Le plan câble, on l'a vu, est un remake raté du rattrapage téléphonique.

Le monopole laisse en effet toute latitude tarifaire à l'opérateur national, que les pouvoirs publics prennent l'habitude de mettre à contribution pour financer des investissements dont l'opportunité paraît douteuse, tels que les réseaux du plan précité ou les programmes concernant la filière électronique.

L'abonné au téléphone joue ici le rôle dévolu au contribuable dans le domaine de l'informatique (cf. plans calcul, informatique pour tous, nationalisation de Bull, etc.).

Tout à fait contestables dans leur principe, ces opérations de débudgétisation peuvent donner aux autorités responsables l'impression de pouvoir disposer, sans contrôle, de ressources illimitées.

Ainsi, une augmentation brutale de 10centimes, en juillet 1984, de la taxe téléphonique va casser la croissance de la demande pour plusieurs années.

La politique industrielle suivie dans les années quatre-vingt n'est, quant à elle, guère inspirée : regroupement de participations hétéroclites au sein de la société financière Cogecam, démêlés judiciaires d'Alcatel, en France et en Allemagne, liés aux effets pervers du pilotage par procuration des manufactures industrielles du téléphone par les opérateurs du réseau public.
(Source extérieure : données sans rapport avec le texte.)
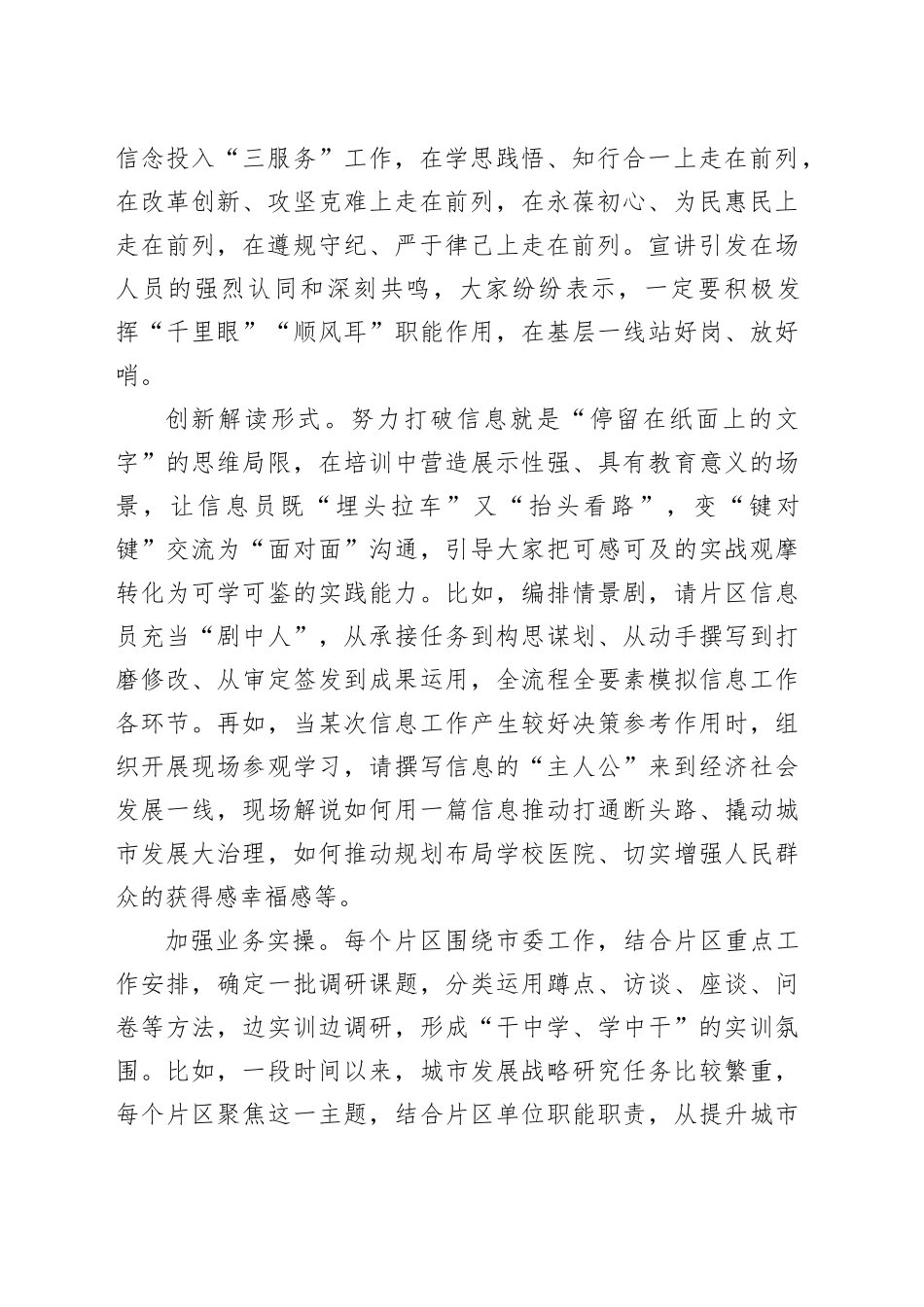 在全市党委办公室系统信息工作推进会暨信息员培训会上的汇报发言_第2页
Les considérations de politique intérieure, et notamment la conduite du secteur industriel nationalisé, prennent le pas sur les préoccupations internationales ; l'importance des changements de perspective induits par le tournant de 1985 est mal perçue (éclatement des monopoles et ouverture à la concurrence du secteur des télécommunications en Angleterre, aux Etats-Unis et au Japon ; publication du livre vert de la commission débouchant sur l'Acte unique européen).

La double alternance politique de 1986 et de 1988 - estime J. P.Chamoux- n'est pas propice à mûrir une décision sur le dossier des télécommunications ".

La réforme française de 1990 contient le pire et le meilleur : la rupture du cordon ombilical entre les P.T.T. d'antan et France Telecom d'aujourd'hui est très positive... Mais elle comporte aussi des effets pernicieux "... comme d'entretenir "le mythe que le changement mis en place (séparer la réglementation et l'exploitation) est suffisant pour faire face aux défis de l'époque (développement du marché commun des services et intensification de la concurrence internationale sur les réseaux)".

La législation (23(*)) et la réglementation mises en place sont en effet ambiguës : d'un côté, on affiche la ferme volonté de préserver le monopole téléphonique (au risque d'être taxés, à l'étranger, de protectionnisme), de l'autre, les dispositions dérogatoires à caractère spécieux ou interprétatif sont multipliées (autorisations de liaisons satellites, de réseaux d'entreprises, de réseaux radioélectriques ; habilitation d'opérateurs étrangers à exploiter de tels systèmes sur des micro-marchés...).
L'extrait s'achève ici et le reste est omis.